Your objective:
Would you transcribe the entries below, beginning at the line with "c8祛斑原理及案例,术后实际果图" and ending after the line with "Bệnh phổi tắc", exactly, with no picture and nothing more?

Data for review:
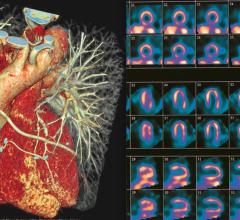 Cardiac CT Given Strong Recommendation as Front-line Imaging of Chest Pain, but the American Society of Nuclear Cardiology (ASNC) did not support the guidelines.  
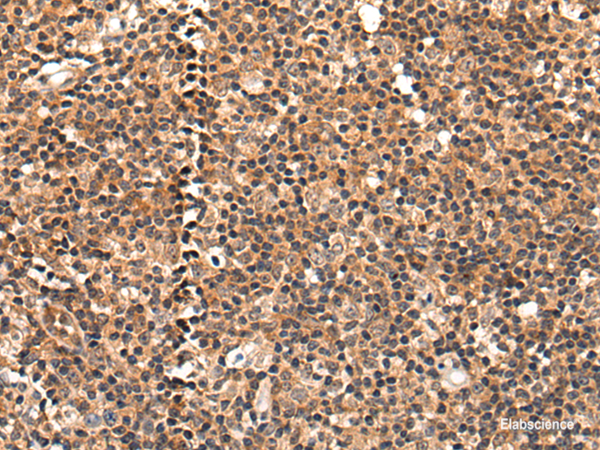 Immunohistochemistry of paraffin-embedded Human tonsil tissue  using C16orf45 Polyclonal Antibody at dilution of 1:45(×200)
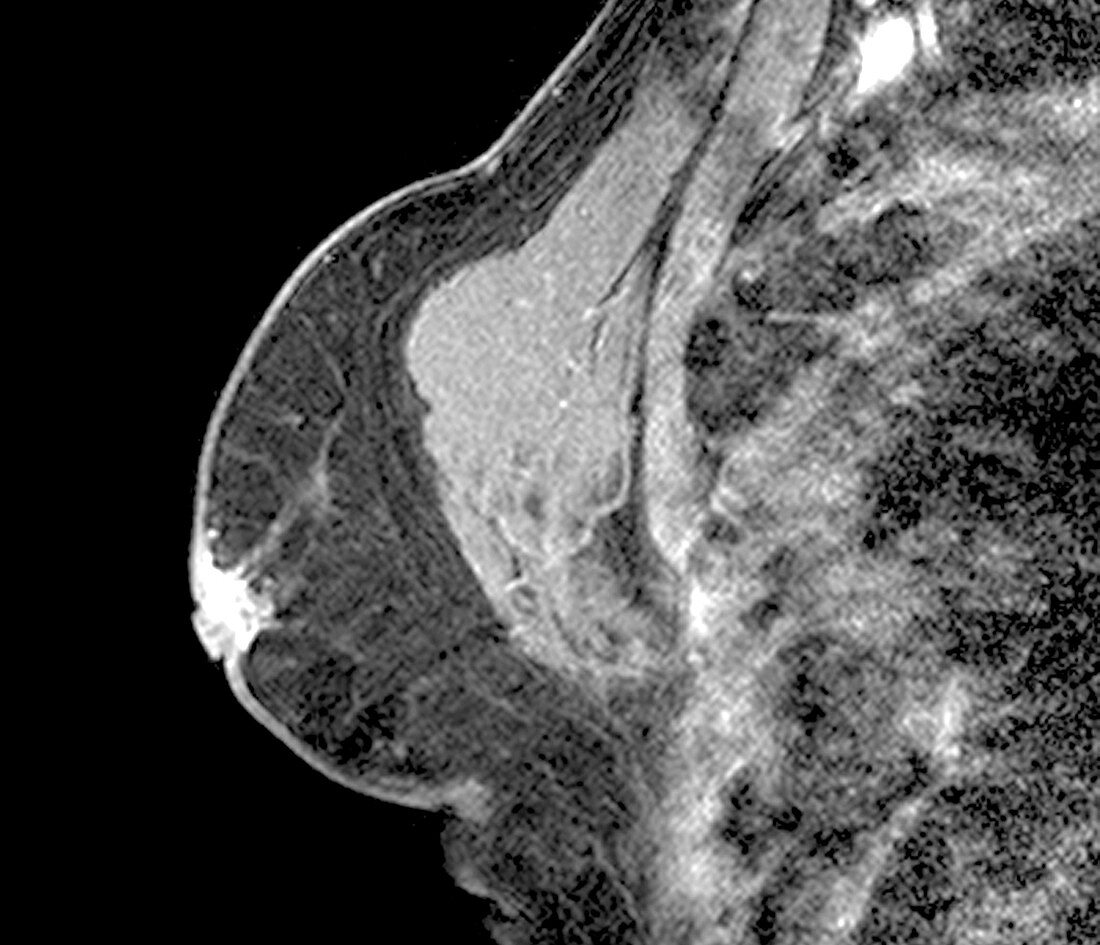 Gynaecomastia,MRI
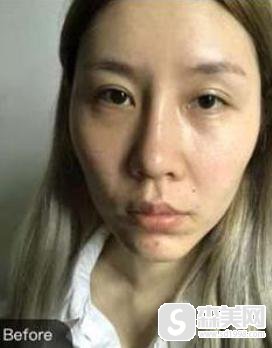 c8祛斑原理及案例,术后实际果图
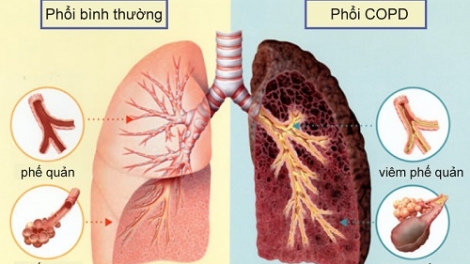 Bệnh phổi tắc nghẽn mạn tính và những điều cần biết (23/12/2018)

--

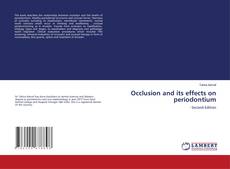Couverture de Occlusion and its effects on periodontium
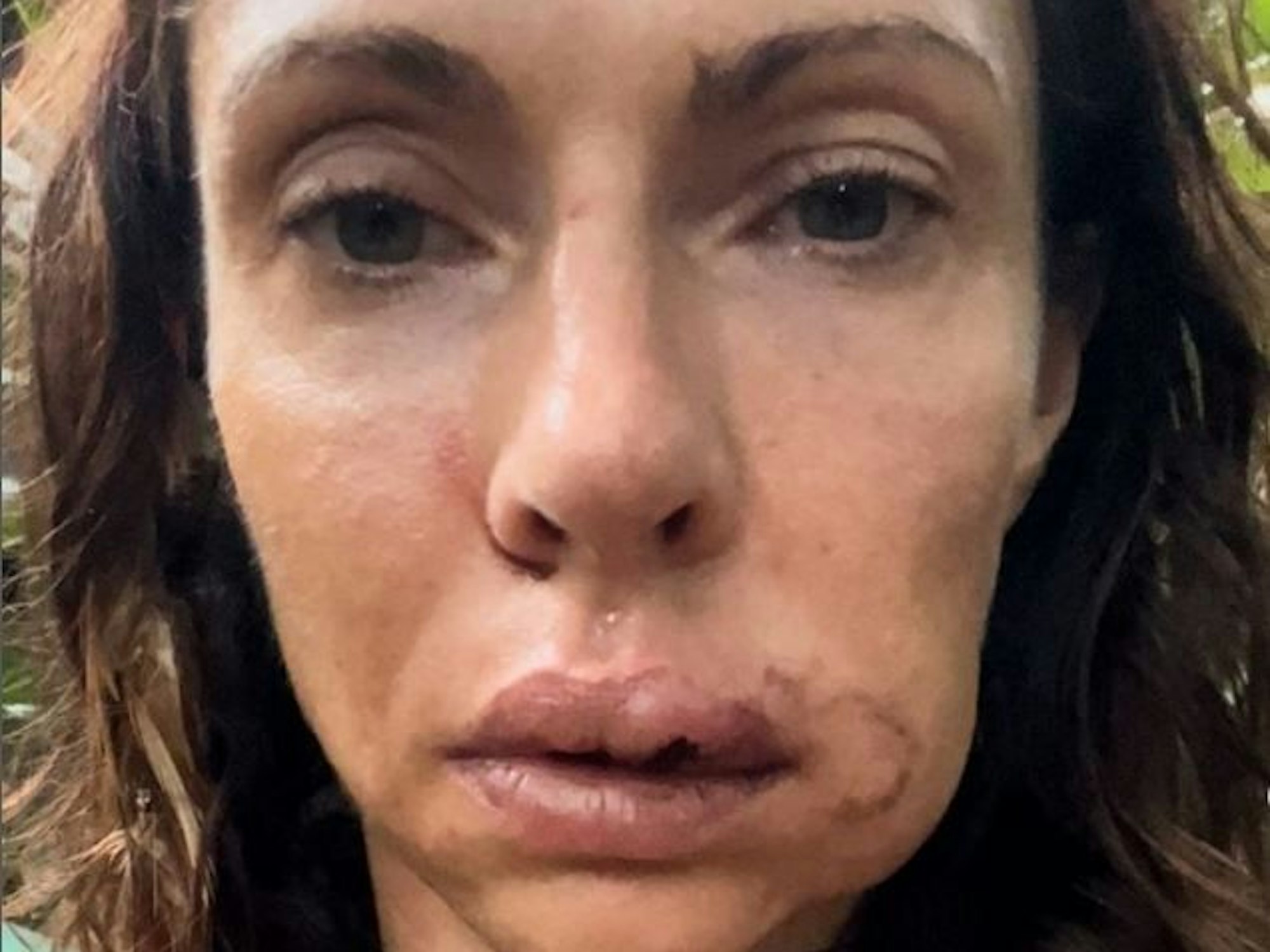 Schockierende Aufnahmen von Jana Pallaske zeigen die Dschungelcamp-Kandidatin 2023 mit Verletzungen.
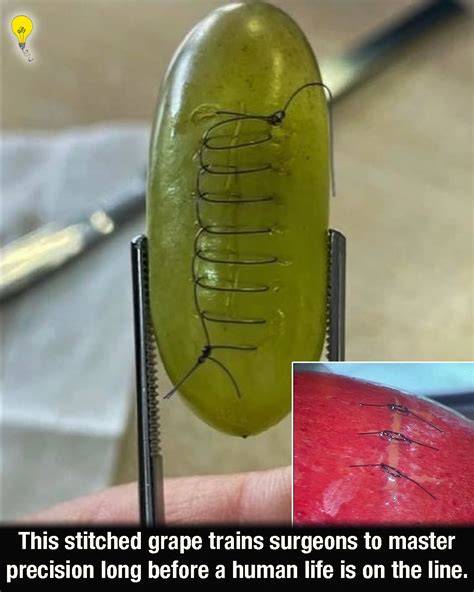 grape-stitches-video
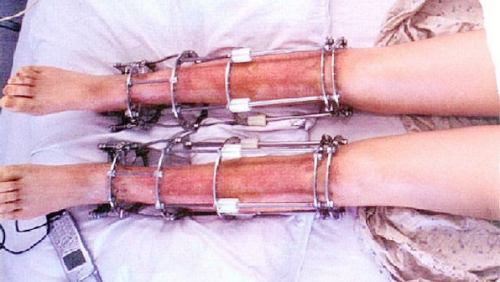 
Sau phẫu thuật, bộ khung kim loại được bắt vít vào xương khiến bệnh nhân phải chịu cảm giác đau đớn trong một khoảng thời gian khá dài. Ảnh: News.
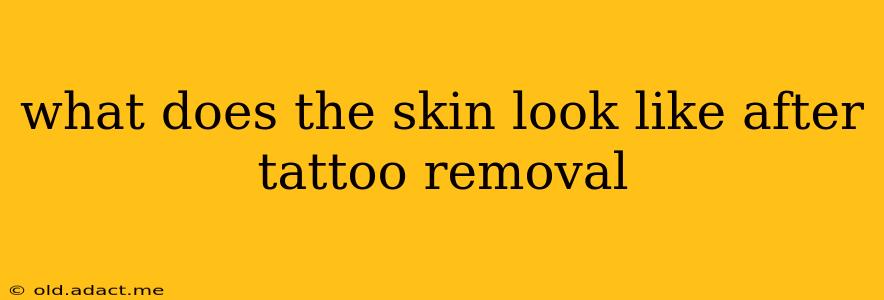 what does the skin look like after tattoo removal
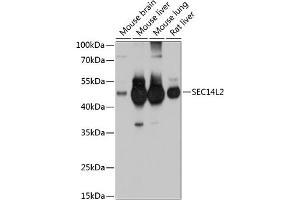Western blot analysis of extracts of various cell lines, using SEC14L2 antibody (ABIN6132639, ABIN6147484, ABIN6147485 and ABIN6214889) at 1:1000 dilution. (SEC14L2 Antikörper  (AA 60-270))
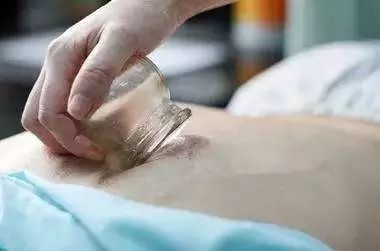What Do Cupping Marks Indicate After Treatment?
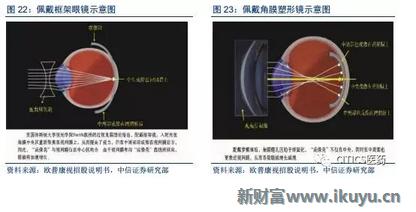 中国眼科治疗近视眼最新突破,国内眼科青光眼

Result of this task:
 c8祛斑原理及案例,术后实际果图
 Bệnh phổi tắc nghẽn mạn tính và những điều cần biết (23/12/2018)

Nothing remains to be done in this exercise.